Short descriptive text snippets
========================================
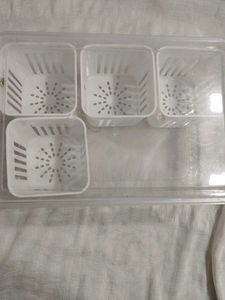 Modular Storage Containers with Drains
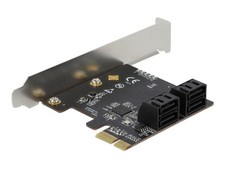 Delock 4 Port SATA PCI Express x1 Card Low Profile Formfact 90010 picture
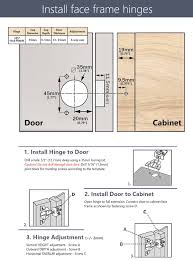 cabinet hinges american face frame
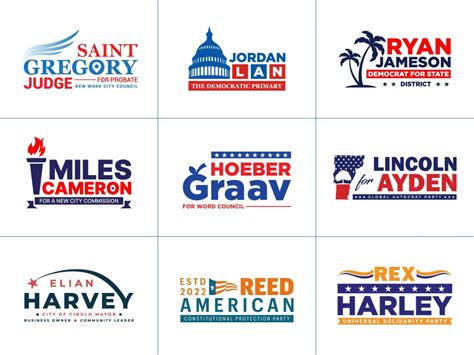 Minimalist professional political campaign logo design | Upwork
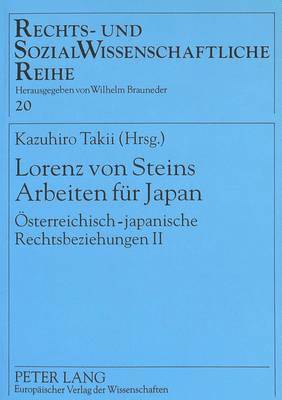 bokomslag Lorenz Von Steins Arbeiten Fuer Japan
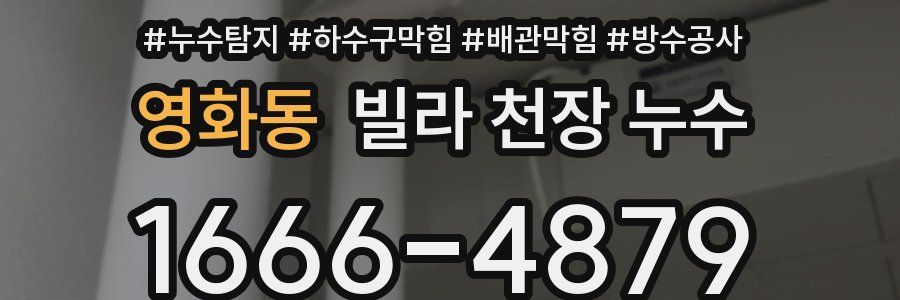 영화동 빌라 천장 누수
========================================
## TASK TO COMPLETE:
Copy out the data above to the letter, and keep every picture out of it.

## FINISHED EXERCISE:
 Modular Storage Containers with Drains
 Delock 4 Port SATA PCI Express x1 Card Low Profile Formfact 90010 picture
 cabinet hinges american face frame
 Minimalist professional political campaign logo design | Upwork
 bokomslag Lorenz Von Steins Arbeiten Fuer Japan
 영화동 빌라 천장 누수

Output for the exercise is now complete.